Let’s say you want to produce a list of projects that contain a WAITING tag anywhere in the project tree. Let’s further assume that you have marked all tree headings that define a project with the TODO keyword PROJECT. In this case you would run a TODO search for the keyword PROJECT, but skip the match unless there is a WAITING tag anywhere in the subtree belonging to the project line.
To achieve this, you must write a function that searches the
subtree for the tag. If the tag is found, the function must
return nil to indicate that this match should not be
skipped. If there is no such tag, return the location of the end
of the subtree, to indicate that search should continue from
there.
(defun my-skip-unless-waiting ()
"Skip trees that are not waiting"
(let ((subtree-end (save-excursion (org-end-of-subtree t))))
(if (re-search-forward ":waiting:" subtree-end t)
nil ; tag found, do not skip
subtree-end))) ; tag not found, continue after end of subtree
Now you may use this function in an agenda custom command, for example like this:
(org-add-agenda-custom-command
'("b" todo "PROJECT"
((org-agenda-skip-function 'my-skip-unless-waiting)
(org-agenda-overriding-header "Projects waiting for something: "))))
Note that this also binds
org-agenda-overriding-header to get a meaningful
header in the agenda view.
A general way to create custom searches is to base them on a
search for entries with a certain level limit. If you want to
study all entries with your custom search function, simply do a
search for ‘LEVEL>0’185, and then use
org-agenda-skip-function to select the entries you
really want to have.
You may also put a Lisp form into
org-agenda-skip-function.
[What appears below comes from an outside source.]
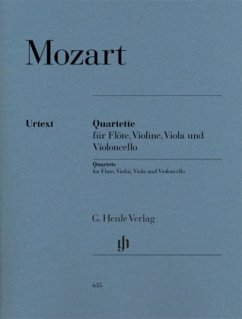 Flötenquartette für Flöte, Violine, Viola und Violoncello - Wolfgang Amadeus Mozart - Flötenquartette für Flöte, Violine, Viola und Violoncello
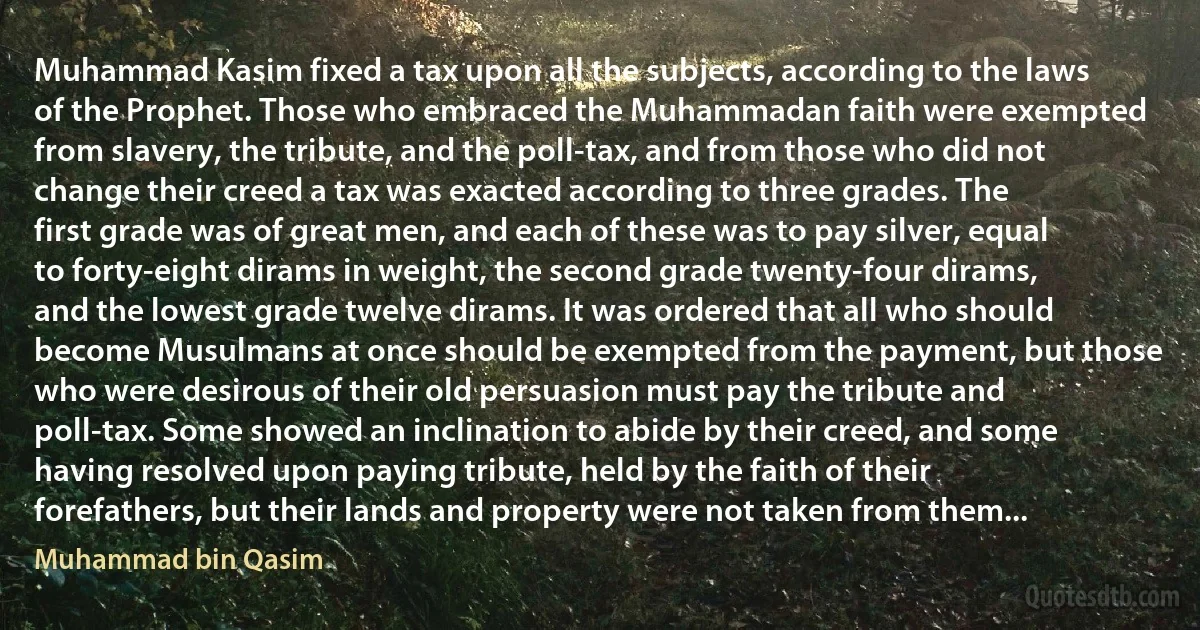 Muhammad Kasim fixed a tax upon all the subjects, according to the laws of the Prophet. Those who embraced the Muhammadan faith were exempted from slavery, the tribute, and the poll-tax, and from those who did not change their creed a tax was exacted according to three grades. The first grade was of great men, and each of these was to pay silver, equal to forty-eight dirams in weight, the second grade twenty-four dirams, and the lowest grade twelve dirams. It was ordered that all who should become Musulmans at once should be exempted from the payment, but those who were desirous of their old persuasion must pay the tribute and poll-tax. Some showed an inclination to abide by their creed, and some having resolved upon paying tribute, held by the faith of their forefathers, but their lands and property were not taken from them... (Muhammad bin Qasim)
In particular, you may use
the functions org-agenda-skip-entry-if and
org-agenda-skip-subtree-if in this form, for
example:
(org-agenda-skip-entry-if 'scheduled)Skip current entry if it has been scheduled.
(org-agenda-skip-entry-if 'notscheduled)Skip current entry if it has not been scheduled.
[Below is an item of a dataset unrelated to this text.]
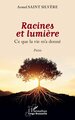 Racines et lumière, Ce que la vie m’a donné (9782336579351-front-cover)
(org-agenda-skip-entry-if 'deadline)Skip current entry if it has a deadline.
(org-agenda-skip-entry-if 'scheduled
'deadline)Skip current entry if it has a deadline, or if it is scheduled.
(org-agenda-skip-entry-if 'todo '("TODO"
"WAITING"))Skip current entry if the TODO keyword is TODO or WAITING.
(org-agenda-skip-entry-if 'todo 'done)Skip current entry if the TODO keyword marks a DONE state.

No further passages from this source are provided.